The Lawnmower Man is a video game based on the 1992 film of the same name. The game was published in Japan by Coconuts Japan (ココナッツジャパンエンターテイメント) under the title .

Plot
Dr. Lawrence Angelo is a scientist working for Virtual Space Industries (VSI) in "Project 5", a secret research facility that attempts to increase the intelligence of primates using psychotropic drugs and virtual reality (VR) training. Dr. Angelo is reluctant to use the research for military purposes, and after one of the chimps escapes and shoots a guard, Dr. Angelo is given a forced vacation. While taking notes on the need for experiment with a human subject, he discovers Jobe Smith (Jeff Fahey), a man with an intellectual disability who makes his living by doing odd jobs such as mowing the grass (hence the title of the movie). Angelo takes in Jobe, subjecting him to VR treatment. The first experiments quickly increase Jobe's intelligence, but after an accident, Dr. Angelo stops the experiments. The Shop, a secret agency overseeing Project 5, reinserts the drugs responsible for Jobe's violent behavior into the program and speeds up the treatment. As Jobe develops telekinetic powers, he starts to take revenge on those who abused him before he began the treatments, and plots to take over all of the computers in the world.

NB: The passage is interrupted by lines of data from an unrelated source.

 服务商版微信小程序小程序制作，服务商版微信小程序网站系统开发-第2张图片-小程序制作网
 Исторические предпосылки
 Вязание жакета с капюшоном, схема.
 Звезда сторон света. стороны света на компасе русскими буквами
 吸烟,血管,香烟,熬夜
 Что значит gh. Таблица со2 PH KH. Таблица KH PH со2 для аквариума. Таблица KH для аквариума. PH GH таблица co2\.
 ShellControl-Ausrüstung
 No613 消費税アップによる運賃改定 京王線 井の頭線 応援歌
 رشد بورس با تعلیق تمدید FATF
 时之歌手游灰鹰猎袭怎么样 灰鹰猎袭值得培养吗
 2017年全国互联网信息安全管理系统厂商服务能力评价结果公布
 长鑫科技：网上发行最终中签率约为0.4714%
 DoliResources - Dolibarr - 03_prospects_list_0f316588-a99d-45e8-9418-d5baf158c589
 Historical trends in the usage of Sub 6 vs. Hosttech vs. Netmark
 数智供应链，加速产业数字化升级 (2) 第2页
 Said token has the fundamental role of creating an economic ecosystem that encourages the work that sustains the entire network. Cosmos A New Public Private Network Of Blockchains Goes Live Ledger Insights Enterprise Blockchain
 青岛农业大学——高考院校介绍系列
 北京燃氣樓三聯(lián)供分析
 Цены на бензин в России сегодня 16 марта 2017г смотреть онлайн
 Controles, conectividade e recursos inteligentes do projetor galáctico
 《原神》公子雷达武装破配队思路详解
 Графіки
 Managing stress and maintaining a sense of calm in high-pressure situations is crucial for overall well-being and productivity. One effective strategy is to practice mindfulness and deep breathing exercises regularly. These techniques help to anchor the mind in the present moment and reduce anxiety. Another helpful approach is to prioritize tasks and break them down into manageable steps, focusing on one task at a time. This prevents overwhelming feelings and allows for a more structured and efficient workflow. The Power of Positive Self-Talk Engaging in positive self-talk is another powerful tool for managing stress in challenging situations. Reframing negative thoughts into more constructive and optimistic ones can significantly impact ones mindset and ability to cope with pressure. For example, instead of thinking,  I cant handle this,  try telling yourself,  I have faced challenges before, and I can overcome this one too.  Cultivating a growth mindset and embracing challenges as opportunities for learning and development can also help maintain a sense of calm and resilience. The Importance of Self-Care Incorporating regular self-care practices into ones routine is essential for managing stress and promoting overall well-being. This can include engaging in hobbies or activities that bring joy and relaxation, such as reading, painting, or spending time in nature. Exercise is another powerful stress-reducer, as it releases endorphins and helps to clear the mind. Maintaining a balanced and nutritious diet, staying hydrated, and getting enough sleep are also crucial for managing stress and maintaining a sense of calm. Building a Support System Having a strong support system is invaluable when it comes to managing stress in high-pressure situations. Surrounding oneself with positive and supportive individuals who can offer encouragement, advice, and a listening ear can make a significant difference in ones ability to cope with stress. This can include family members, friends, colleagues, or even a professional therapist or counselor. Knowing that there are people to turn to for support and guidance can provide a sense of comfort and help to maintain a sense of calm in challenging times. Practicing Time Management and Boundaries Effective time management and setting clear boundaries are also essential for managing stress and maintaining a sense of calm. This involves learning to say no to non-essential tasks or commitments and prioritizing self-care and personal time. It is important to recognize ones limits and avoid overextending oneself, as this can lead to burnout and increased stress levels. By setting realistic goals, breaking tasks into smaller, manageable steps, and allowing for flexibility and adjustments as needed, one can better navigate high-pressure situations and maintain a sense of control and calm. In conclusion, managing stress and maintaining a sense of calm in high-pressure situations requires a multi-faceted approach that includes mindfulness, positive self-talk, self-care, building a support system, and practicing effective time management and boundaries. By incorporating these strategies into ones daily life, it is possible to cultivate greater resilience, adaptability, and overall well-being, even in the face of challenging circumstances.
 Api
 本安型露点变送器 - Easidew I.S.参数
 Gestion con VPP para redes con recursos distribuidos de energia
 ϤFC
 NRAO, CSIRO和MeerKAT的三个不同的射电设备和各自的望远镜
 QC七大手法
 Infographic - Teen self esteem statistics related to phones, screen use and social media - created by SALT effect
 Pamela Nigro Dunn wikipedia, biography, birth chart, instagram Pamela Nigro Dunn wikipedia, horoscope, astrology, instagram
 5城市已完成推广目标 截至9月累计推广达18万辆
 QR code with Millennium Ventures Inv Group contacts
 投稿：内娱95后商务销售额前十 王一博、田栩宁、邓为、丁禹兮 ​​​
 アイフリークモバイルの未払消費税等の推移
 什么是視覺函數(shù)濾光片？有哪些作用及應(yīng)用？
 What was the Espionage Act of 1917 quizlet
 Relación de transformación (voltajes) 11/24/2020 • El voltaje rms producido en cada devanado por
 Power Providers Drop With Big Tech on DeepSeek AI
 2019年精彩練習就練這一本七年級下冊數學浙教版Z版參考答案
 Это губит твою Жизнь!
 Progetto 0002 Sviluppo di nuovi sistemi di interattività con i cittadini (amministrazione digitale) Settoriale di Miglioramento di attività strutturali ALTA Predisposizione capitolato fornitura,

The SNES version continues the storyline after the point where it ends in the film. Jobe transfers his mind into VSI's computers, and from there is able to corrupt and destroy information systems all over the world, a course of action which is implied to bring about Dystopia. With society in complete meltdown, Dr. Angelo discovers that Jobe has been acting under the control of a person known as Zorn the Doomplayer, who is the head of The Shop, and poised to take over what remains of the world. With Jobe apparently gone missing, Angelo sets off to put an end to The Shop once and for all.

Gameplay
While the CD version of the game (PC, Sega CD) is an interactive movie, all three cartridge versions are platform games. The player takes control of either Dr. Angelo or Carla Parkette (the mother of Jobe's best friend) in typical side-scrolling shooting action, similar to Contra and Metal Slug. The player collects weapon upgrades or data discs. Once the player has collected a number of data discs, the discs morph into a Virtual Suit that gives the player protection from one hit.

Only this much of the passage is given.